#### ACTION ITEM:
Restate the whole listing below word for word and keep the images out.

#### RAW DATA:
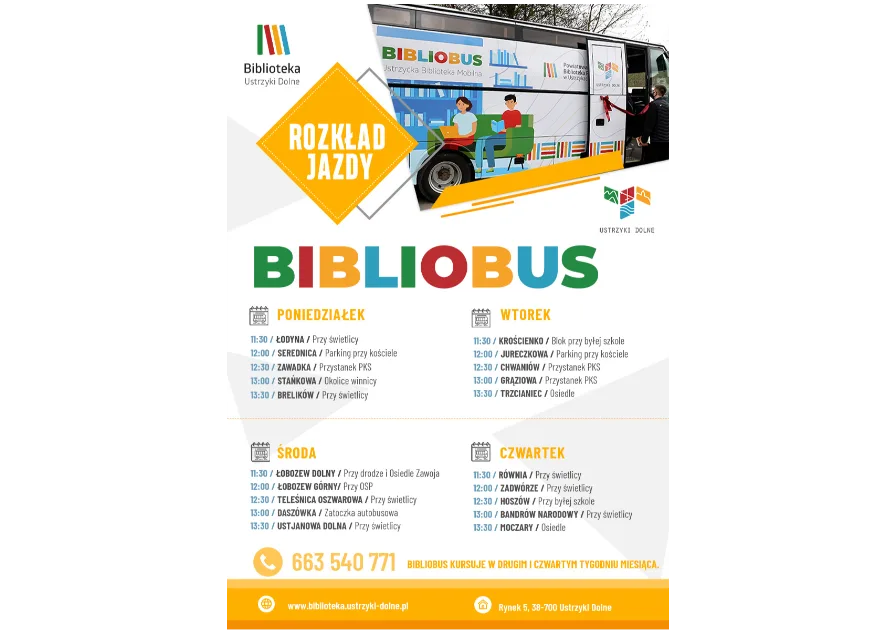 Harmonogram tras Bibliobusu na czerwiec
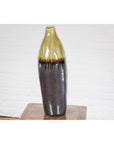 Handmade Artisan Ceramic Vase with Olive Green, Dark Grey and Brown Dripping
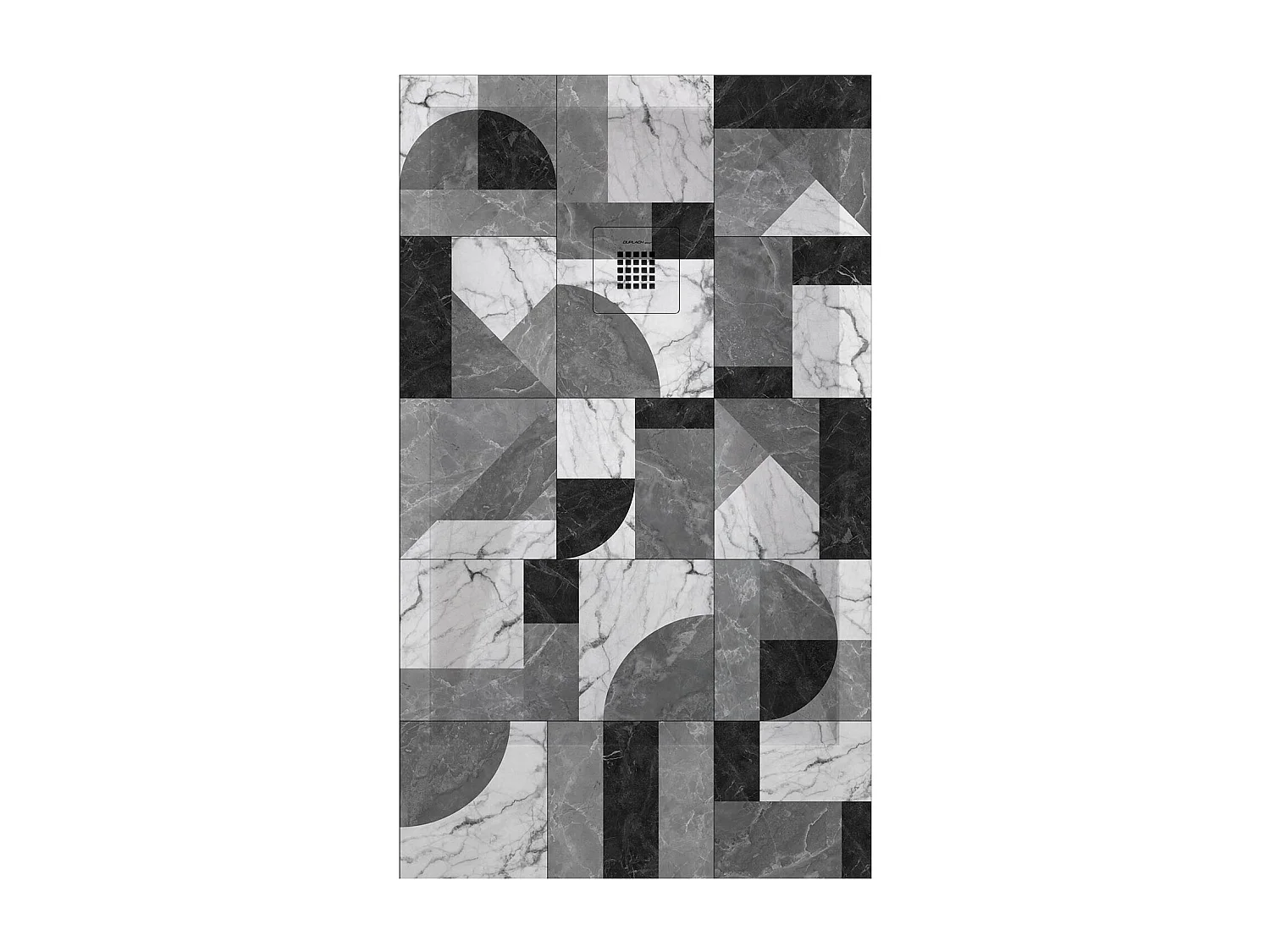 Receveur de douche 01 BN MosaÏque, finition Lisse Stone 3D, grille de couleur - 170 x 90 cm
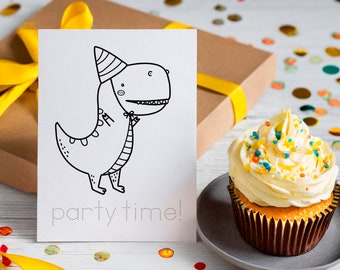 Coloring Cards: Dinosaur Happy Birthday Cards. Easy & fun for kids to trace and color! Set of 6 cards (blank inside) and 6 colored envelopes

#### OUTPUT OF THE TASK:
 Harmonogram tras Bibliobusu na czerwiec
 Handmade Artisan Ceramic Vase with Olive Green, Dark Grey and Brown Dripping
 Receveur de douche 01 BN MosaÏque, finition Lisse Stone 3D, grille de couleur - 170 x 90 cm
 Coloring Cards: Dinosaur Happy Birthday Cards. Easy & fun for kids to trace and color! Set of 6 cards (blank inside) and 6 colored envelopes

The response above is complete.